If formally defined we could implement language parsers for this and turn them into level queries and inspect what indexes would be best to use and create. In fact, I could even see this language expanding beyond the level ecosystem because it won't be javascript specific!

dominictarr · 2014-09-22T08:05:43Z

@rvagg absolutely!!! If there is something missing somehow from the nosql movement it's probably easy ways to query your data... and also, come to think of it, to validate it too. everyone writes these orm things that check you have the correct fields. why don't we just INSERT that INTO the DATABASE?

if we are gonna create some crazy new language, there is one thing we should keep in mind though...
When you are creating a language it's impossible not to end up with weird querks... Things that next generation of database administrators will resent you for because now everyone uses it so they won't be able to change it. There is basically no way to avoid doing this by accident, so the solution is to actually do it on purpose! like we'll probably need some sort of DELIMITER to break up parts of the query script...
but what if you could reassign the delimiter - programmer tastes inevetiably change and one man's antipattern is another man's best-practice - but what if you could use semicolons one day, but pipes the next? and who knows, maybe this will be actually useful for something.

Also, of course, one of the best things about level-* is being able to have an evented database that TRIGGERS your code when something is inserted, even running a bash script or something.

This would usher us into a whole new era of nosql... maybe NOSQL++ Node's Original Structured Query Language.

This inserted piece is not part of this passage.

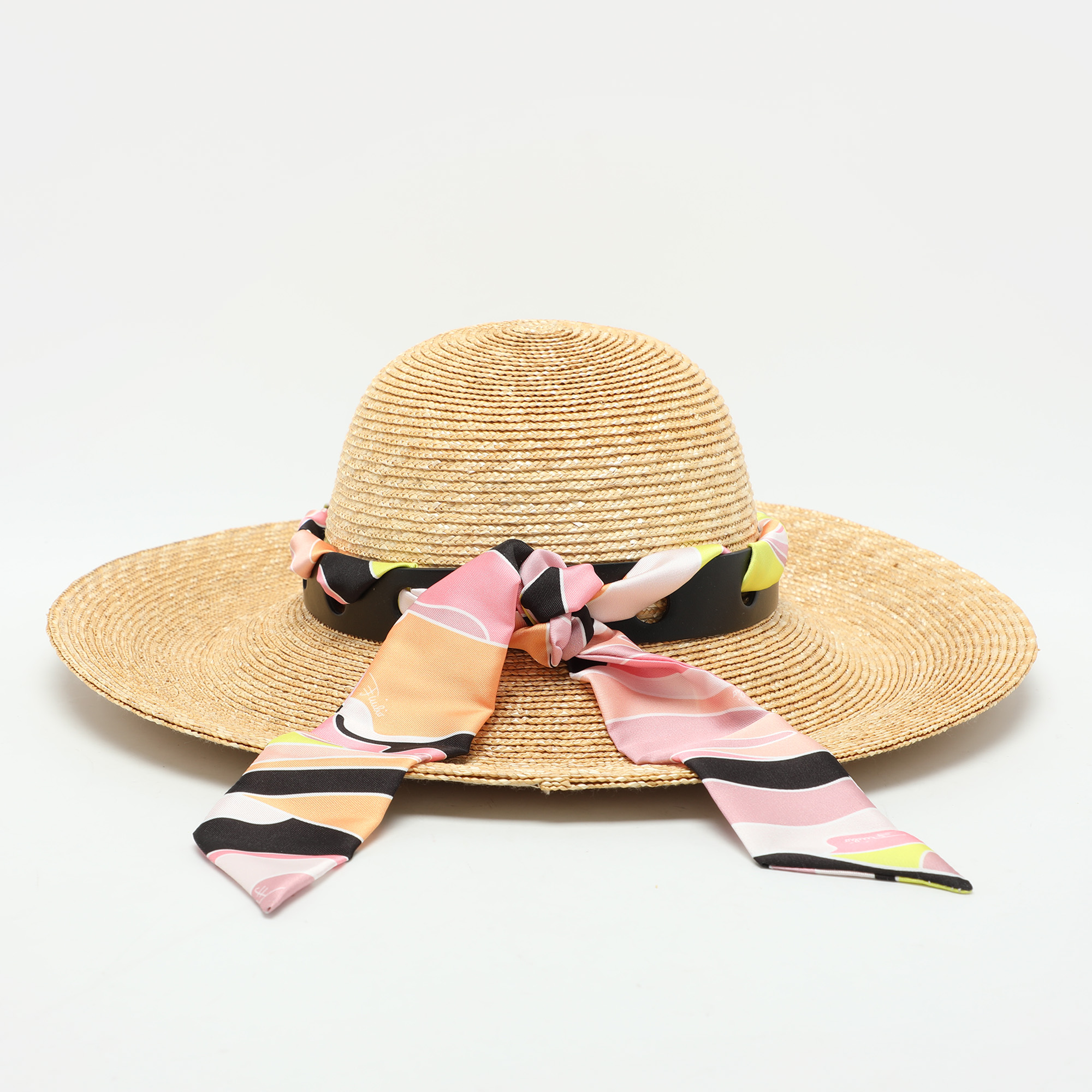 

Emilio Pucci Beige Straw Bucket Hat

With "++" so that every one knows it's extra good (we wouldn't want anyone to think this is something we just made up) that is important because we gotta sell this to the enterprise.
This is gonna make building inventory systems and payroll systems etc TOO EASY.

rvagg · 2014-09-22T10:13:53Z

oo, and we could actually push this a bit further and store actual code in there; they wouldn't be full blown JavaScript functions, perhaps more like procedures. Imagine the power and potential of stored procedures, we'd hardly have to write our applications in JavaScript, the application logic could emerge from within the database itself. WHAT POWER!

dahjelle · 2014-09-22T14:26:33Z

Would it be possible to separate the (1) query language and the (2) indexes into separate modules in a generic way? (I have no idea how dependent most query languages are on the implementation of their indexes.)

For instance, I've been tweaking @tonsky's ClojureScript Datalog implementation to work with pluggable indexes. I have a PouchDB plugin that uses map-reduce to build the indexes, which in this case are triple-store-like entity-attribute-value and attribute-value-entity (though I may need another). Works with simple queries now; will be finding out more about how well it does or doesn't work in the coming weeks. I don't particularly have a goal to keep indexes small in my use-case, and I'm just naïvely indexing everything right now, so we'll see. One could also definitely put a more JS-style API on top of Datalog that would probably be more appealing to more folks…

neonstalwart · 2014-09-22T14:28:20Z

@dominictarr have you considered that you might be describing a graph database (like what levelgraph provides)? the approach is slightly different but the gains are what i think you're looking for.

rather than inserting whole documents straight into your db, you decompose the document into a graph of triples where each property of your document is the name of an edge and the nodes are the values. using a hexastore to model these nodes and edges, you have a fairly linear cost (each triple costs about 6 times the size of the data) but now you have an index for every property which gives you close to linear querying.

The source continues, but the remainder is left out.